Can I take it that you're looking a bike trailer or have I got it all wrong? If it is a trailer you're looking...

As you can see from my avatar, I have a trailer and am in my 3rd summer of using it with two kids. It's been a fantastic purchase and it has been worth every penny. I had initially purchased a pretty cheap jobby but after one run realised that it wasn't going to cut it. After A LOT of looking around I settled on the Croozer Kid for 2. It hasn't missed a beat, it is really sturdy, waterproof, comfortable with loads of storage room. The fact that it came with all the bits to make it into what I would call a stroller and also with a smaller pram wheel meant that it covered us for so many angles.


----------



## KyleRJ87 (5 Sep 2018)

I appreciate your reply, man.

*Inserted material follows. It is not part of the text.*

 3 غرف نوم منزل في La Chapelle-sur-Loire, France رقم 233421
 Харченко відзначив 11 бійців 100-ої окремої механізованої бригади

Yes, that's exactly what I meant. And if you've been using it for almost 3 years and you love it, I believe we badly need 1 for our daughter, as with time such rides will be even more fun for her! I will definitely look into the Croozer Kid, even though I thought I have already made a decision on what brand we'll stick to. 
Thule Chariot Cheetah XT and Thule - Coaster XT
I was selecting between these 2, but as for now I know way less about these strollers than I wanted to.


----------



## Sixmile (6 Sep 2018)

I don't really know too much about the Thule stuff apart from they are double the price of the Croozers and a lady once talked to us when she seen us with the trailer and said that she had a Chariot and really wished that she had went for the Croozer instead. Also, that wasn't in response to just looking at ours. I think the Thule ones come with suspension possibly but I can't say having no suspension has ever been an issue for us, even when fully loaded. The space in the Croozer is what really sold it to us, we've done camping trips and week long tours in it.


----------